The night before I left for college was bittersweet. A collection of my family and a few friends gathered around a table, eating chicken wings and cheese dip and skirting around the idea that yes, we really were moving into the next step of our lives, and yes, I really was leaving.
The move wasn’t far, only six hours across the Midwest, but the change was substantial. I remember leaning against the kitchen counter, taking a deep breath, and watching everyone. They were eating chips, checking their phones, laughing about something ridiculous, tucking their hair behind their ears, trying to look tough. I remember wishing I could just freeze-frame that moment, just keep the world exactly where it was, those eight people standing around my table, not yet knowing what was to come.

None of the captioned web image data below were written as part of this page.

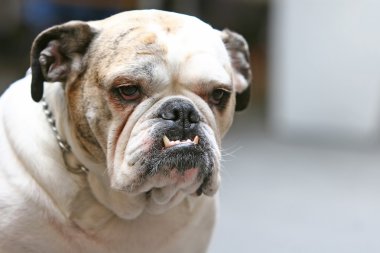 Eski bulldog yakın çekim
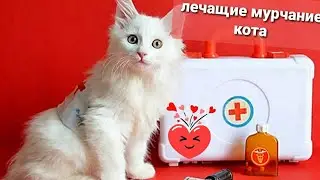 Лечащий звук мурлыканья кота# раслабся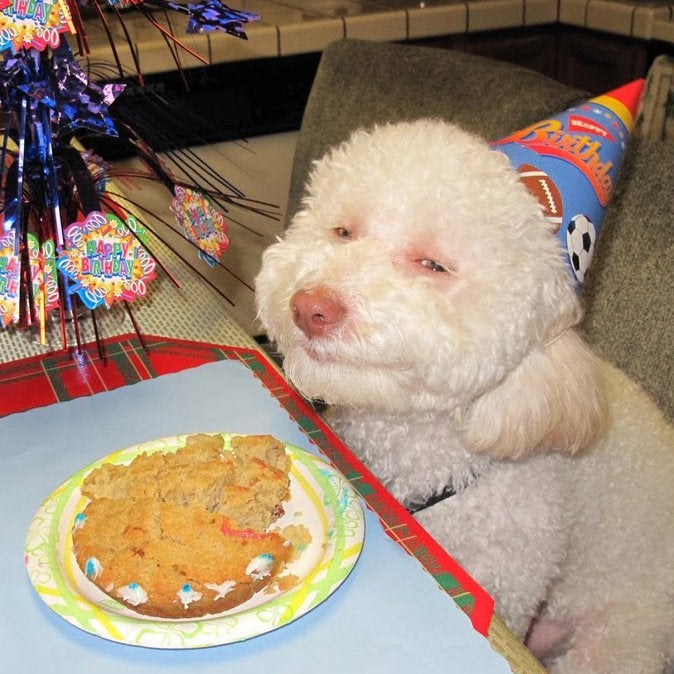 BUDRISING's tweet photo. STONER DOG. #STONERDOG #STONER #DOG #STONEDDOG #HIGHDOG #BLAZEDDOG #KEYEDDOG #BLITZEDDOG #ZOINKEDDOG #FADEDDOG #SMOKEDDOG #LITDOG #BAKEDDOG #BLUNTEDDOG #CANEDDOG #LIFTEDDOG https://t.co/XiVyQ9Gkot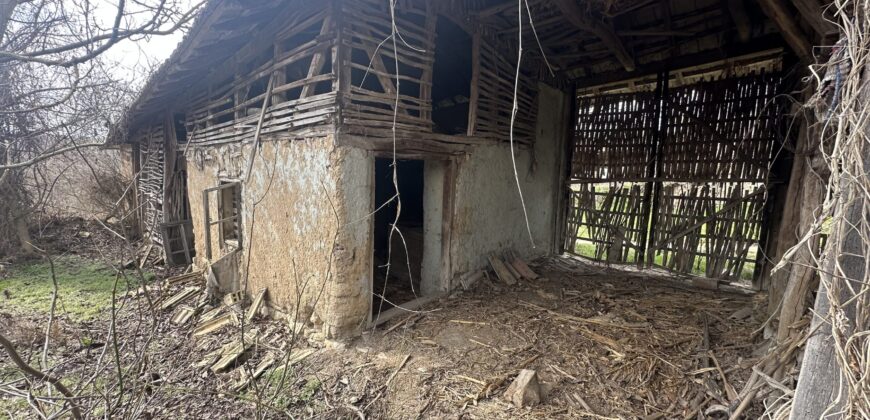 Vixen House – Palamartsa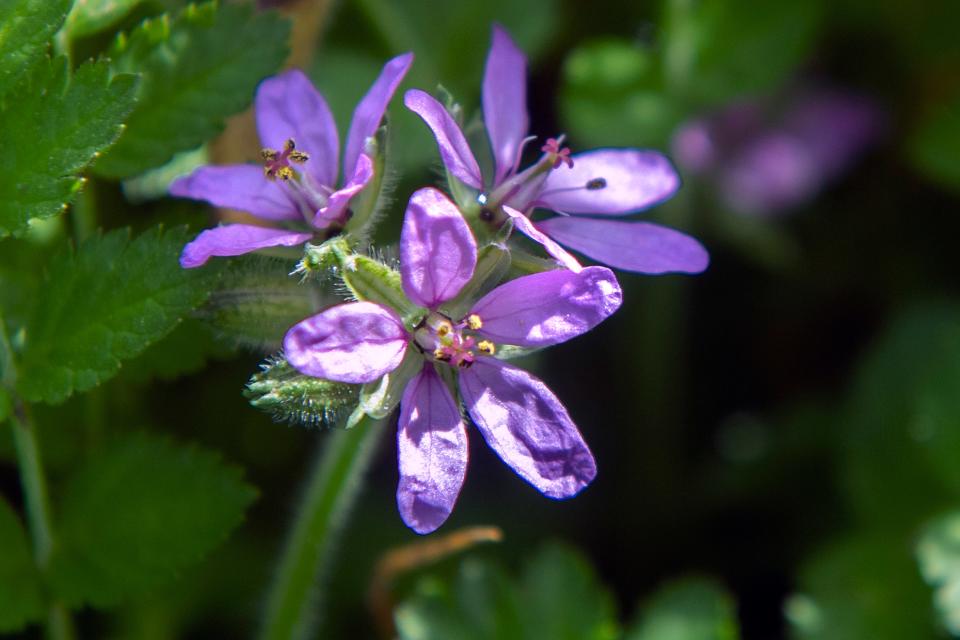 Boradleaf filaree wildflowers grow in a field along Thornton Road near Peltier Road just south of Thornton on the first day of Spring on Monday, Mar. 20. 2023.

My ex’s mother had shown up that night. My ex and I had recently broken off a two-and-a-half year relationship, so I was still very close with his family. Truth is, I think she was reeling about my decision to go to school in Iowa more than anyone.
When I opened the door to her, she handed me an angel charm. It was a charcoal grey with tiny wings and a key-chain loop at the end. “To watch over you,” she said in her soft spoken manner as she hugged me goodbye. She smelled like cinnamon and vanilla.
I still remember that moment. Her hug. The smell of chili cheese dip. The way my friends seemed both loud and quiet, filling my house with their drunken laughter. My mother standing next to me, tears pooling behind her green eyes. My sister, lingering on the edge of the steps, trying to find her place between my friends. My father flipping through the TV stations.
It was the simplicity of that moment—an unexpected gift given to me, embraces shared between a small group of people I loved so dearly—that will always carry so much weight. That charm was small and ordinary-looking. But to this day, it still hangs from the rear view mirror of my car.
I have this strange belief that it has saved me, protected me in my travels back and forth across the country over these past four years. I’ve avoided several accidents by what I can only say was a miracle. Or angels.
And many times I’ve looked up and watched that charm spin charcoal grey in the sunlight, been reminded of the people who love me, and always will, no matter how far I wander.